Working data:
Segment Open

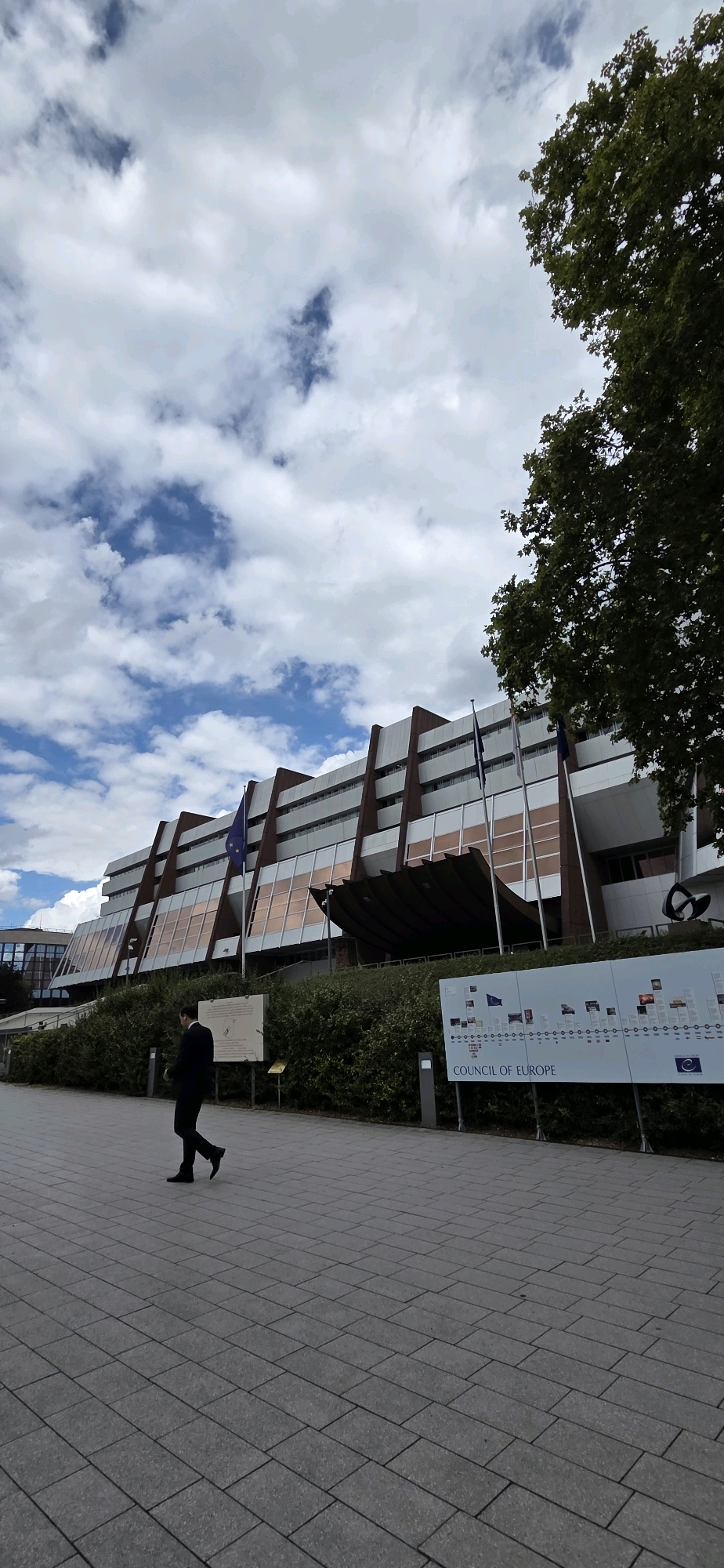 The image shows the Palace of Europe, the seat of the Council of Europe, in Strasbourg, France. A man in a black suit walks on a paved pathway in front of the building. The building is large and modern, with a distinctive angular design and a facade featuring rows of windows and copper-colored panels. Several flags, including a blue flag with stars, fly in front of the building. To the right of the building is a long informational display with the words "COUNCIL OF EUROPE" and a timeline of events. The sky is partly cloudy with patches of blue sky visible. A large tree with green foliage is visible on the right side of the image, partially obscuring the building. The ground is paved with rectangular grey stones.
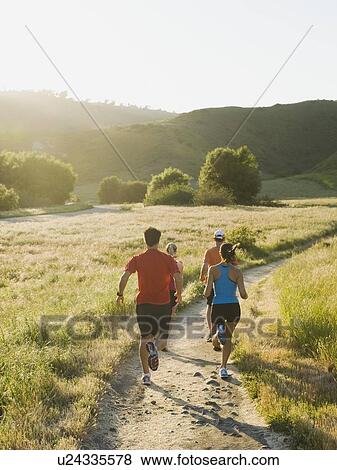 Trail runners View Large Photo Image Stock Photo - Trail runners. Fotosearch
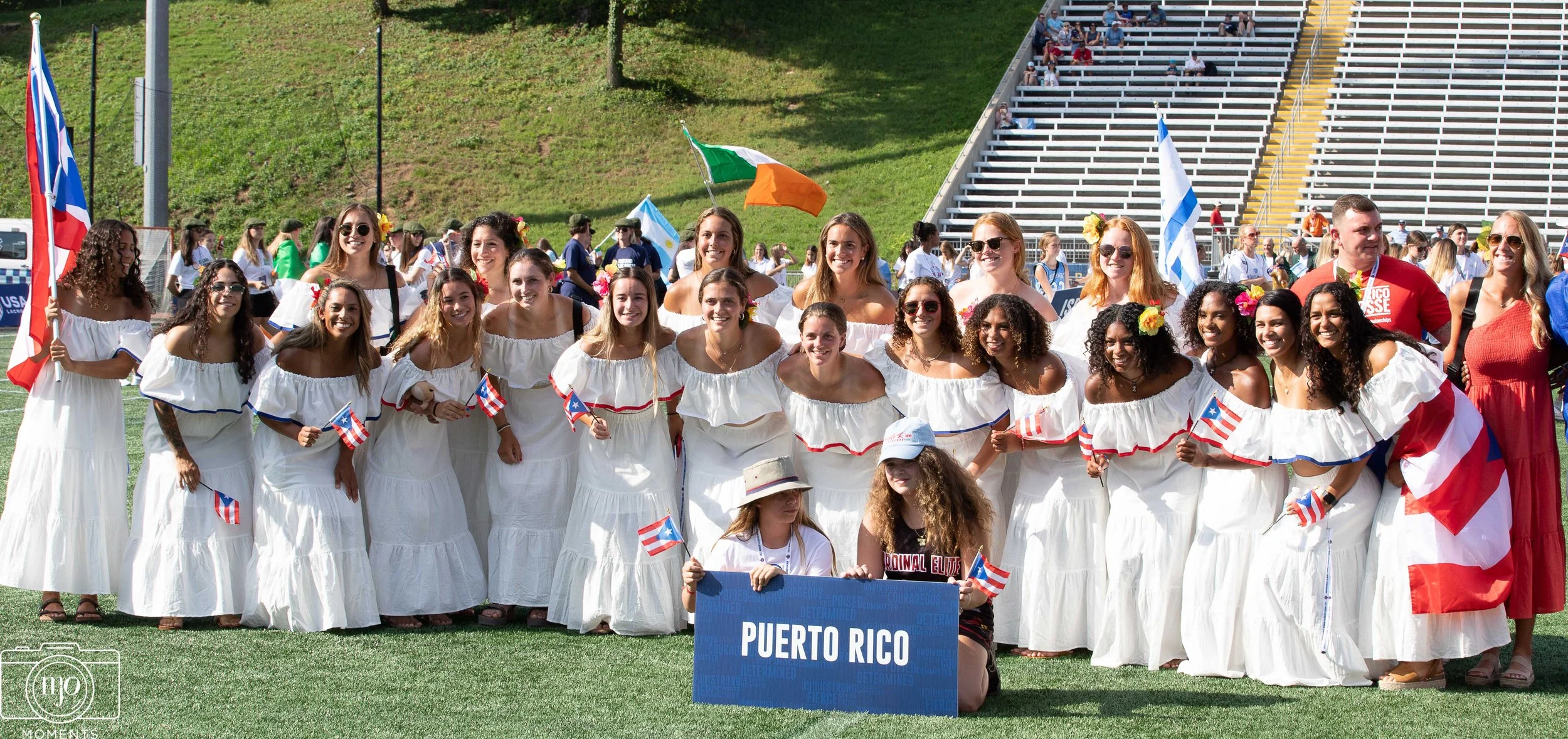 Team Photo. Group of women and children dressed in white dresses, holding Puerto Rican flags, at an outdoor event with spectators in bleachers and flags in the background.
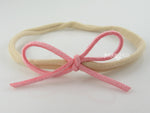 pink baby girls bow headband in suede on nylon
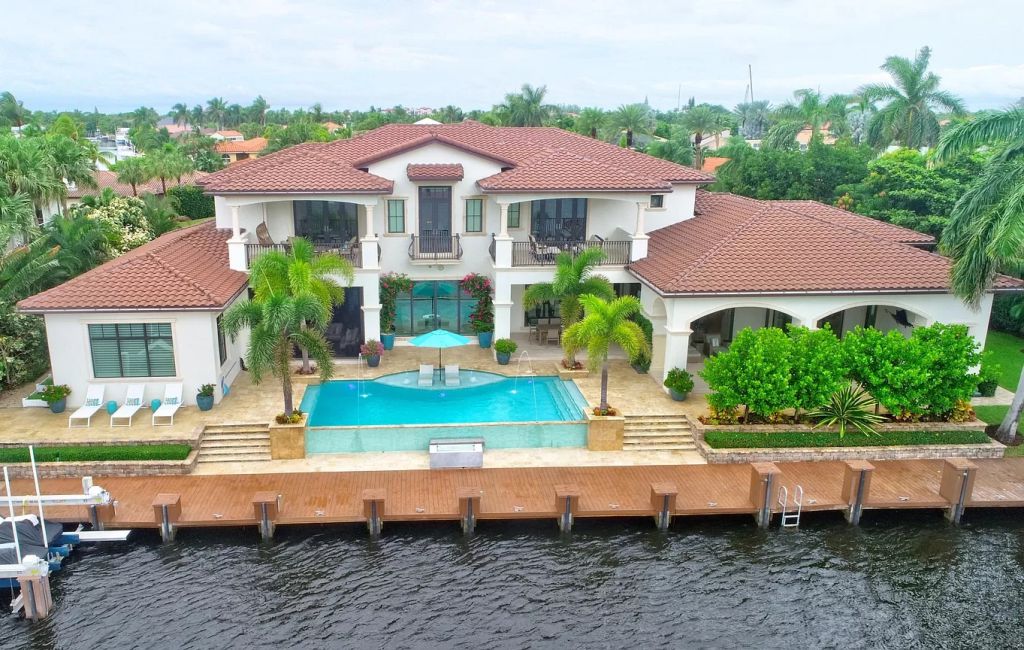 The Boca Raton House is an incredible Intracoastal estate features Resort style living with pool, outdoor kitchen and bar now available for sale. This home located at 7596 NE Orchid Bay Ter, Boca Raton, Florida; offering 5 bedrooms and 7 bathrooms with over 8,000 square feet of living spaces.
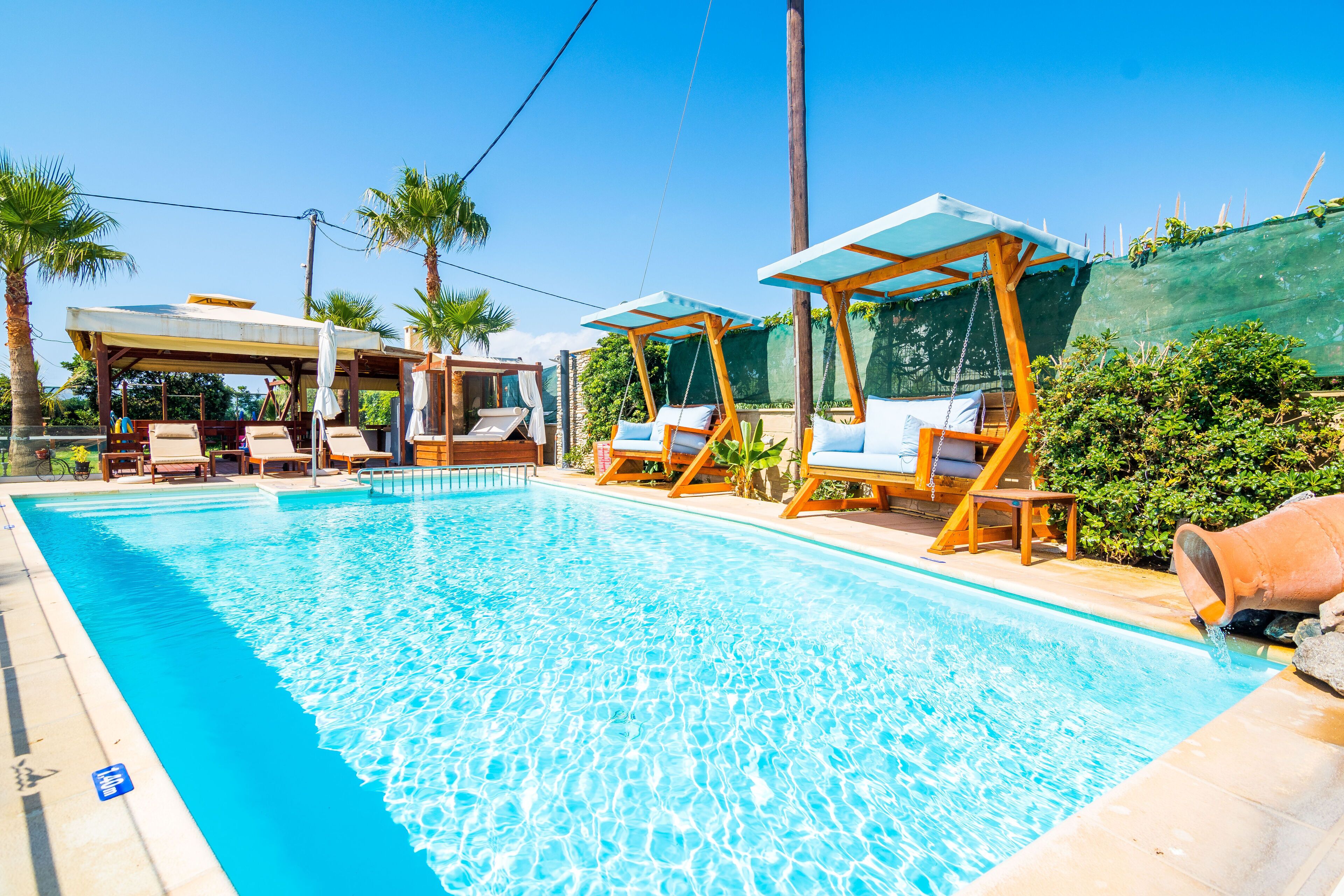 A clear swimming pool with lounge chairs and umbrellas, surrounded by palm trees and a covered seating area.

Segment Closed

About this exercise:
Working from the line with "The Boca Raton" to the last line of the material above, repeat each line exactly and leave out the pictures.

The answer:
 The Boca Raton House is an incredible Intracoastal estate features Resort style living with pool, outdoor kitchen and bar now available for sale. This home located at 7596 NE Orchid Bay Ter, Boca Raton, Florida; offering 5 bedrooms and 7 bathrooms with over 8,000 square feet of living spaces.
 A clear swimming pool with lounge chairs and umbrellas, surrounded by palm trees and a covered seating area.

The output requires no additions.